══ RECORDS FOR THE TASK
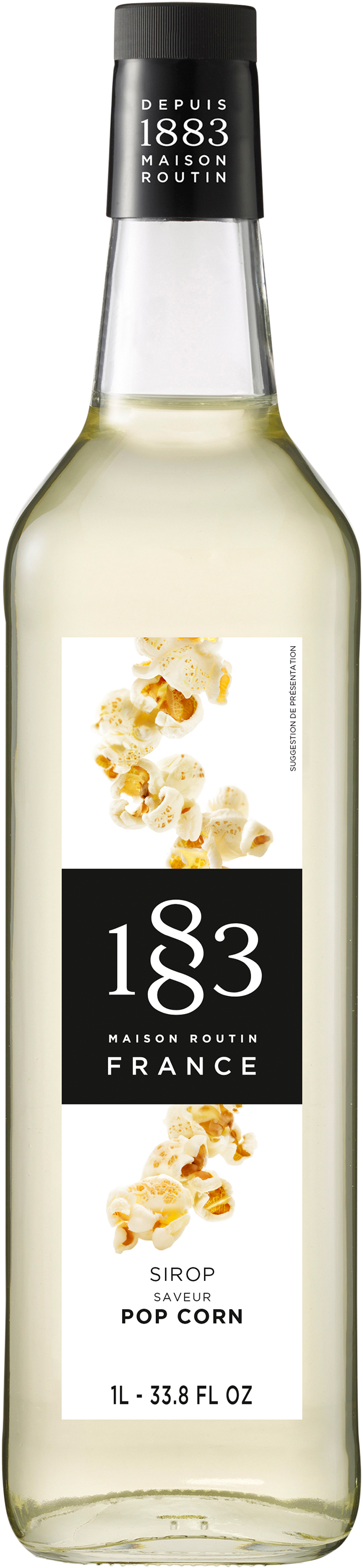New - Popcorn Syrup 1883 (695x2941), Png Download
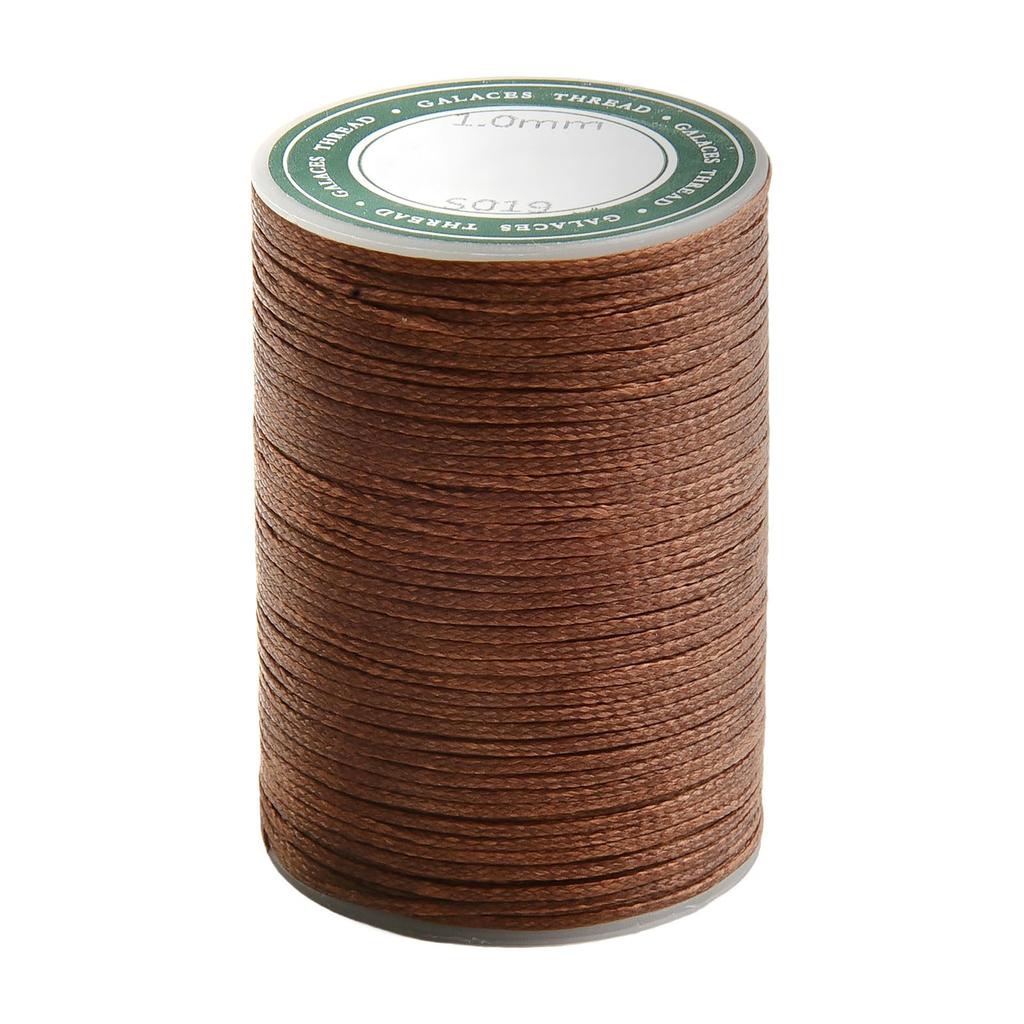 1.0mm 70M Leather Sewing Waxed Thread For Chisel AWL Upholstery Shoes Luggage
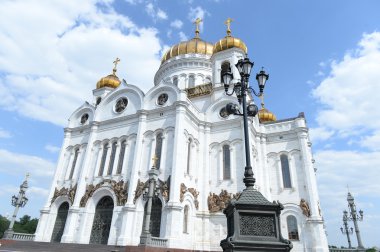Moskova, - 15 Mayıs: Katedral Mesih'in Savior. 15 Mayıs 2015 yılında Moskova, Rusya Federasyonu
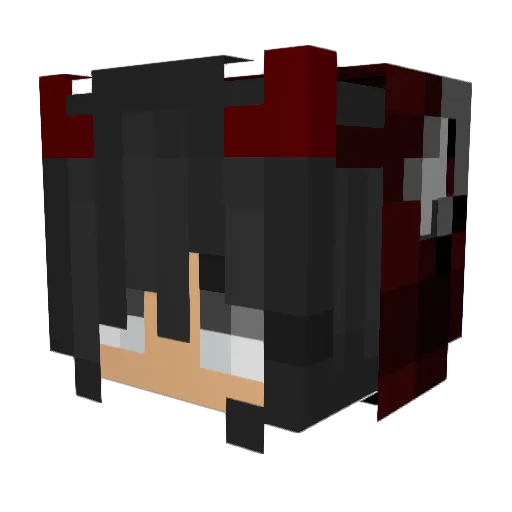 AshaWinchester Minecraft avatar head, 3D render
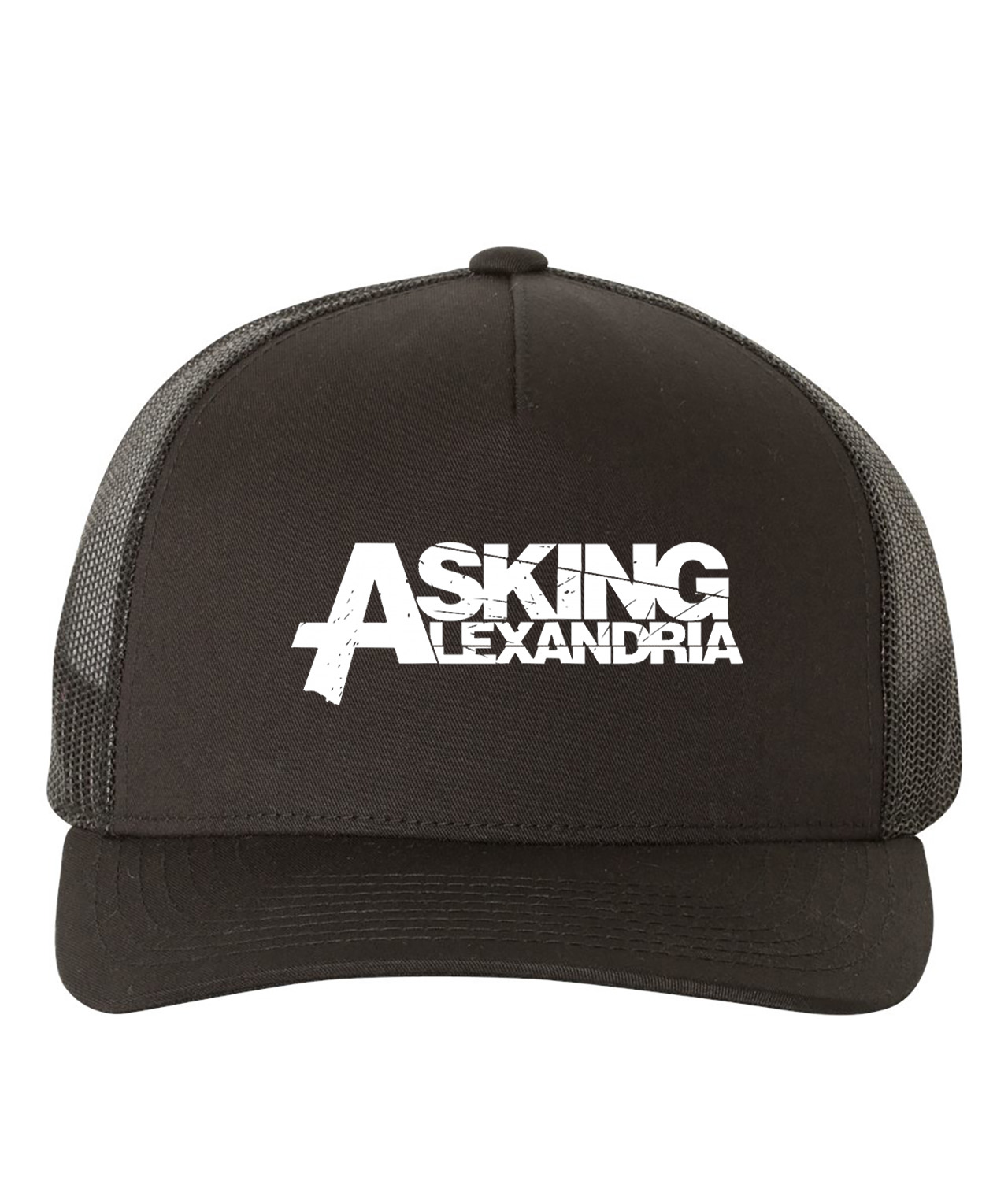 Asking Alexandria White Music Logo Symbol Emblem Customized Design on Retro Trucker Cap Hat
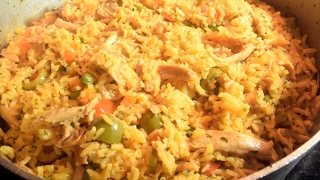 The Best Arroz Con Pollo One Pot Chicken and Rice Panamanian Style [upl. by Eitsrik]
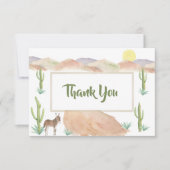 Dringend avontuur begint Baby shower Dank u Bedankkaart (Voorkant)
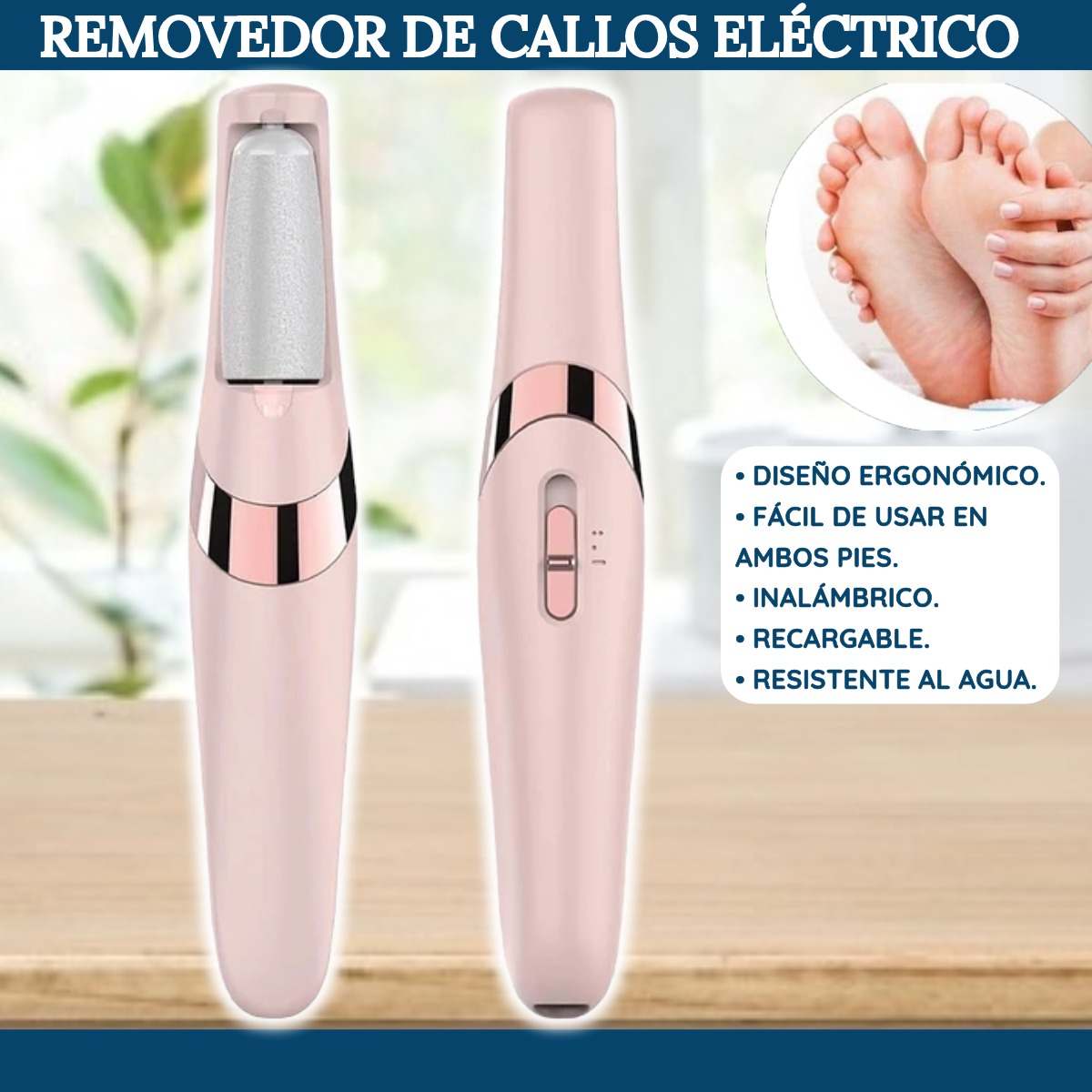Removedor Quita Saca Callos Portatil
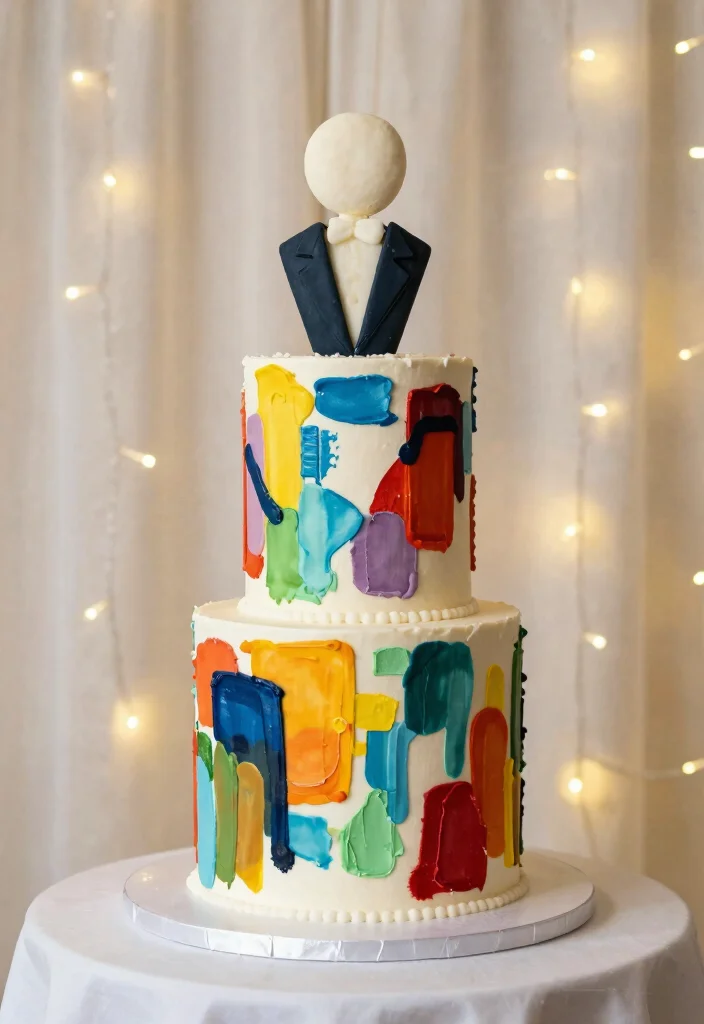 12 Groom Cake Ideas That Show Personality Without Overdoing It - 12. The Artistic Creation 1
════
TASK REQUIREMENTS =
Each record above, in full: return it exactly, pictures excluded.

TASK RESPONSE =
New - Popcorn Syrup 1883 (695x2941), Png Download
 1.0mm 70M Leather Sewing Waxed Thread For Chisel AWL Upholstery Shoes Luggage
Moskova, - 15 Mayıs: Katedral Mesih'in Savior. 15 Mayıs 2015 yılında Moskova, Rusya Federasyonu
 AshaWinchester Minecraft avatar head, 3D render
 Asking Alexandria White Music Logo Symbol Emblem Customized Design on Retro Trucker Cap Hat
 The Best Arroz Con Pollo One Pot Chicken and Rice Panamanian Style [upl. by Eitsrik]
 Dringend avontuur begint Baby shower Dank u Bedankkaart (Voorkant)
Removedor Quita Saca Callos Portatil
 12 Groom Cake Ideas That Show Personality Without Overdoing It - 12. The Artistic Creation 1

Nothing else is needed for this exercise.